Meetings will be held on expunging old criminal convictions
Marthage said the program was inspired by actual situations the office has encountered and made possible by the recent changes in Vermont laws. While old marijuana convictions have been in the news recently because of the deciminalization of the drug, she said it is important to realize that other types of convictions can be considered for expungement as well.
"The program is definitely not limited to marijuana convictions," Marthage said. "While I anticipate that my office will certainly receive requests for expungement assistance related to marijuana, it is interesting to note that the majority of inquiries about expungement in Bennington County have been for prior convictions that were not drug-related, such as retail theft."
"I have frequently supported expungement in specific cases where someone petitions the court, but it was a challenging process to complete without an attorney," Marthage said.
However, she said the Legislature has revised the expungement law and that, along with a new law decriminalizing marijuana, means a number of individuals now are eligible to have convictions removed from their criminal record.
Marthage recounted one situation which made her think about offering the expungement program. She said she met a man who had a substance abuse issue and made some mistakes when he was under 21. As a result, she said, he was convicted of a crime and this limited his life options.
The had served his sentence, completed his treatment and did everything else the court ordered, Marthage said, and is now in his mid-30s and hasn't had a criminal conviction in more than 10 years. "He has children, works hard and has straightened his life around," she said, adding, "Vermont's Legislature has given him the chance for a fresh start."
Marthage currently is facing a challenge for another term in the Aug. 14 Democratic Primary, where she is opposed by attorney Arnold Gottlieb, of Dorset. The challenger contends that the state's attorney's office under Marthage maintains "a decades-old philosophy" that stresses an inflexible attitude on crime, resulting in too many people facing criminal charges and too few cases being diverted into alternative programs.
While not addressing that criticism directly this week, Marthage said in a media release: "My office has a duty to administer justice in the broadest sense possible. We help people get treatment for drug problems. We serve crime victims and children from dysfunctional homes. We protect our community from dangerous, violent individuals. And now, we are implementing the will of the Legislature by helping people who have made a mistake in the past and are now law-abiding have their criminal record expunged."
Marthage said her office successfully assists dozens of individuals every year with expungements and/or sealing of records motions in court. "The number has grown every year as folks become more aware that they may be eligible," she said.

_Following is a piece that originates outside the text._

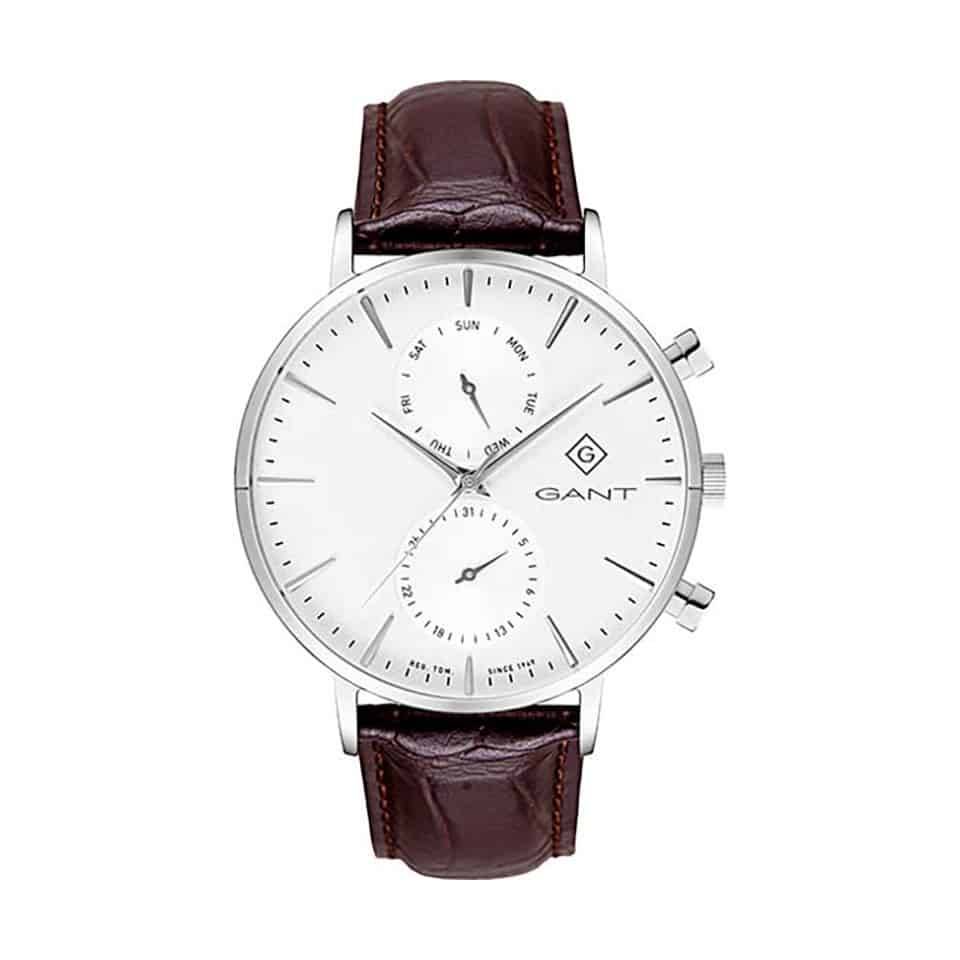Gant Park Hill Day-Date II 44 G121001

In some situations, she said, a person may only learn that they have a record when they apply for employment or educational programs. "Recently, I helped someone applying for nursing school that was informed of a shoplifting conviction from the 1990s that was causing a problem for her application," she said.
"If an individual is a witness or victim to a crime, the police are required to run a record check," Marthage said. "When I notice an old conviction that seems to qualify for expungement, I try to reach out and notify the person about applying for expungement or sealing."

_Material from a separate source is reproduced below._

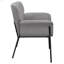 Fauteuil Davina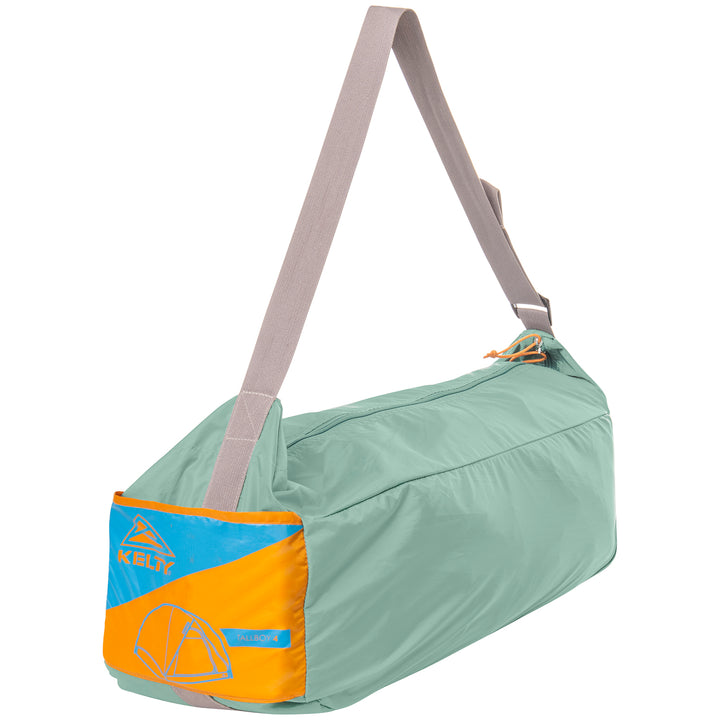 Kelty Tallboy 4-Person Tent One Color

Marthage said he has worked with other state agencies and non-profit organizations in the county that are assisting clients, such as with employment placement and other services, and the expungement work of her office "takes away the barrier that a prior conviction often presents for that person. Expungement gives an opportunity for a clear record to those folks that may have committed a crime but who are certainly not criminals."
The Legislature, "and particularly Sen. Dick Sears," she said, "have worked hard to create these expungement laws that allow Vermonters to clear low-level prior convictions. My office has been a strong supporter of expungement, and works to inform individuals and the public of the expungement option and to assist them to make it happen."

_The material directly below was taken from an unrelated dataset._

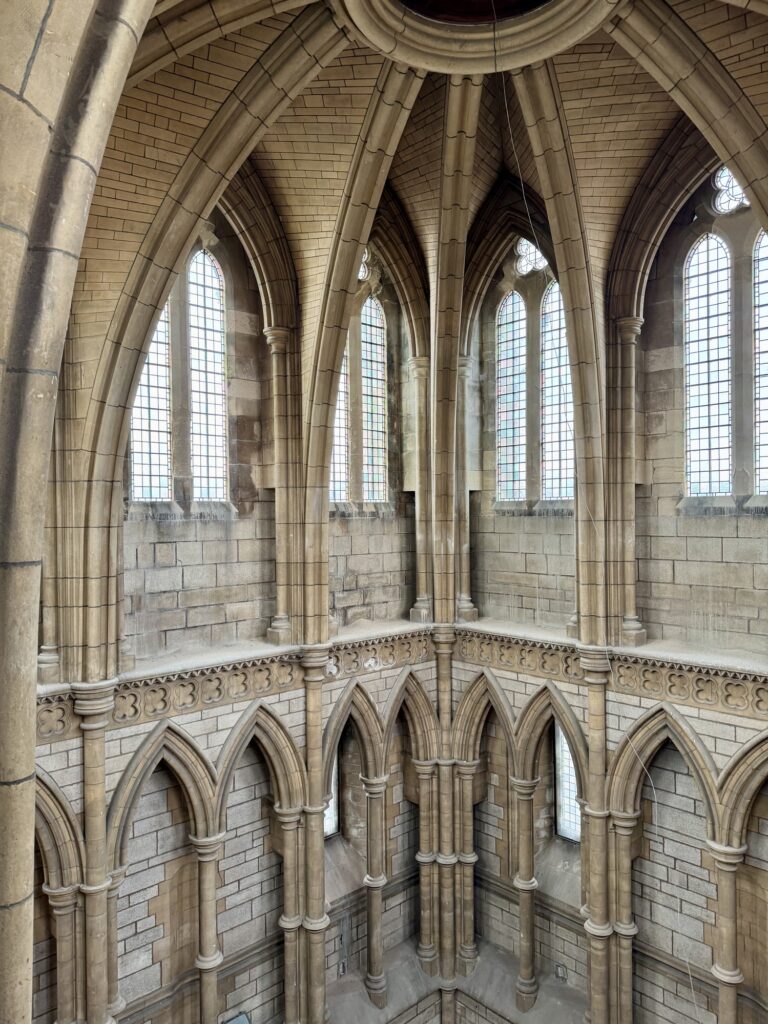 Tower Tours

The expungement program would not be possible without the cooperation of the
Bennington County Sheriff's Department, she said, with the department providing a deputy sheriff during the sessions to help individuals gather the information they need to file a petition.
Sheriff Chad Schmidt Schmidt said in a release: "The expungement petition form requires you identify your specific docket number, the date you were convicted, the crime that you were convicted of and the date you completed probation. My deputy sheriff will be there to help by providing this information to individuals who no longer have any record related to their conviction."
Informational sessions will be offered on June 20, from noon to 6 p.m., at the Community Library in Manchester, and from 10 a.m. to 4:30 p.m. on June 21 at the state office building in Bennington.